Congressman John Dingell announces $1 million grant to rebuild Ann Arbor's Blake Transit Center
Ryan J. Stanton | AnnArbor.com
U.S. Congressman John Dingell appeared in Ann Arbor this afternoon to announce a $1 million federal grant that will help pay for a new Blake Transit Center downtown.
Addressing a small crowd gathered inside the lobby of the current transit center, Dingell, D-Dearborn, called it a project that benefits all of Washtenaw County.
"This exciting new transit center will help us retain, create, and attract jobs to Washtenaw County," he said after the announcement. "Employers can take comfort in knowing that their employees can get to and from work on a reliable public transportation system, and residents can be assured their families and neighbors will have somewhere safe to wait between trips."
Dingell also said public transit helps reduce greenhouse gases.
The Ann Arbor Transportation Authority, which received the grant, is planning to build the new facility on the same parcel of land at 331 S. Fourth Ave., replacing the current one-story, 2,000-square-foot building with a new two-story, 6,000-square-foot transit center that AATA official say will be a landmark building for downtown Ann Arbor.
Ryan J. Stanton | AnnArbor.com
The new facility will feature a modernized ticket office, a spacious lobby area, training and meeting rooms and a break area for bus drivers.
AATA officials said today they expect the new building will cost about $4 million. The project is still in the design phase, and construction has not yet been approved by AATA's board.
When the project was presented to the board last December, it was estimated to cost somewhere between $2.7 million and $3.7 million. AATA officials noted at the time they already had $1.6 million in federal funds and $402,000 in state funds to put toward the project.
The $1 million Dingell announced today comes from the U.S. Department of Transportation's State of Good Repair Grant program. AATA officials said Dingell played a key role in securing the federal funding. The grant requires a state or local match of $253,000.
The Blake Transit Center, which opened in 1987, has had difficulties in recent years accommodating the growing volume of customers, AATA officials said today. Ridership has grown by 60 percent in the last 23 years, according to the agency.
"In the past five years, we've seen an increase in our ridership of 40 percent for our fixed-route service," said AATA board member Charles Griffith, adding that ridership of demand-response services for seniors and people with disabilities also rose 17 percent in the last three years.
"Today, we're especially grateful for the hard work that Congressman Dingell has provided in helping to bring federal funding to our community and for this facility," Griffith said. "His dedication to the reconstruction of the Blake Transit Center, we hope, will allow us to serve today's demand for transit and meet the needs of customers into the future."
Ann Arbor Mayor John Hieftje and Susan Pollay, executive director of the Ann Arbor Downtown Development Authority, also spoke at today's event.

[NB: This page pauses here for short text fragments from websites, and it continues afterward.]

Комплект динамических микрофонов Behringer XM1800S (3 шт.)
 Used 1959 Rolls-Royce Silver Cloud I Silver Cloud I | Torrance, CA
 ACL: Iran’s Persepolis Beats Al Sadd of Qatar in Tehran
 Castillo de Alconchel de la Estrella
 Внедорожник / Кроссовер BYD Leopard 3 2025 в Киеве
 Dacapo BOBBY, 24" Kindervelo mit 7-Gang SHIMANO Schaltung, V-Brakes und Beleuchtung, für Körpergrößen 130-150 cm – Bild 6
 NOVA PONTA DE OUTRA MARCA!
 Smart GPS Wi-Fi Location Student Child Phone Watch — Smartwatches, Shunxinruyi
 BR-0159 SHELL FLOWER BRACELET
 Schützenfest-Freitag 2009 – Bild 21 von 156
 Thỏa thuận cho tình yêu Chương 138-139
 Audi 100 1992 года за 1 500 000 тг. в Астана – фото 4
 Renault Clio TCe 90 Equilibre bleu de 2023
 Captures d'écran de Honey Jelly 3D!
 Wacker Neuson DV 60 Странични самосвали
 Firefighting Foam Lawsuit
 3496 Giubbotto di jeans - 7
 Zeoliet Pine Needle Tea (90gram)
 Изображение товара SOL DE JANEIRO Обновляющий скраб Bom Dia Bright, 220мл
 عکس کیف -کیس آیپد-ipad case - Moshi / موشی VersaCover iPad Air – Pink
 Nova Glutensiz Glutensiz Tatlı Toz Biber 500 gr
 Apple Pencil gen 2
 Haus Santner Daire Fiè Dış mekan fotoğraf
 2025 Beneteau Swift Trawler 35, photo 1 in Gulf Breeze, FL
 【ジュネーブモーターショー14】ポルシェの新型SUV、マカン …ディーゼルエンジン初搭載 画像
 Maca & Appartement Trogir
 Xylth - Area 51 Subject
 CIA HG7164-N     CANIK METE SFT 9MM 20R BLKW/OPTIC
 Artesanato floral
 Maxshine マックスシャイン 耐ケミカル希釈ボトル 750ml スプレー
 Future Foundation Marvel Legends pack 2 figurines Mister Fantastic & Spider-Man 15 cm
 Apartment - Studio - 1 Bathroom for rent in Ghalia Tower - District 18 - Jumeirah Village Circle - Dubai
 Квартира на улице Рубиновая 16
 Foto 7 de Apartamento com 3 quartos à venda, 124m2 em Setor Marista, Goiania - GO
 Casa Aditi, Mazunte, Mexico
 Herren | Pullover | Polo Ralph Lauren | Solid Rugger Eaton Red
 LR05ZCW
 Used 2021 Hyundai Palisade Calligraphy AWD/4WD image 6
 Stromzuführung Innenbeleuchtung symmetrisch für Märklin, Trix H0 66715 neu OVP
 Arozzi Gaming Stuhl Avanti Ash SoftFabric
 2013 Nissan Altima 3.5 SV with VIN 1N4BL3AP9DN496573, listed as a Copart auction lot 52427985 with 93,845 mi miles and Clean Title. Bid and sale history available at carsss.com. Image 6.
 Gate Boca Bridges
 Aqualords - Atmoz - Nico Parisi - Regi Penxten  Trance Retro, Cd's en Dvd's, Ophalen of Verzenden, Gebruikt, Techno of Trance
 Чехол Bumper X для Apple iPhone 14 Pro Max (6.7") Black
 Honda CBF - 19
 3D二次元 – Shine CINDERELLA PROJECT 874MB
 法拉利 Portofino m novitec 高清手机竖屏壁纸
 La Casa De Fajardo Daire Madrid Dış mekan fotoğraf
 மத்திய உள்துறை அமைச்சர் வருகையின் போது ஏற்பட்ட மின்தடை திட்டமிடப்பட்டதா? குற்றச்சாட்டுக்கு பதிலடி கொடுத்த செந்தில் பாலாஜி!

"Here in downtown Ann Arbor, we know that the small independent businesses and the new economy companies are the groups that are going to be generating the jobs of the future," Pollay said. "And that means that we have to feed those businesses. We have to find a way to support them, and frankly one of the best ways we can is through transit."
Pollay said the number of participants in the DDA's go!pass program has jumped in the last decade from about 200 to more than 500. The go!pass is an unlimited usage bus pass available free to employees who work downtown, except University of Michigan employees. The passes are paid for by employers at a rate of $5 per employee.
"I believe that the mythology that transit benefits only a few needs to be talked about, because I see it actually very differently," Pollay said. "Even if you don't ride a bus, you benefit from less congested roads, you benefit from cleaner air, you benefit from economically vibrant communities. Every day, as we heard, 5,000 people are using this transit center. These are 5,000 people who are not pressing and pushing demands on our downtown parking system."
Hieftje said a new Blake Transit Center will be an active addition downtown.
"Ann Arbor is one of the highest-rated communities in the United States in the number of people that walk, bike, or use public transportation to get to their destination, and we certainly want to continue to move in that direction," Hieftje said.
Lansing-based engineering and architectural firm DLZ is designing the new facility and will work with a yet-to-be-named construction company.
The project schedule calls for starting construction next spring with completion targeted for summer 2012. Throughout construction, the current transit center will remain in operation.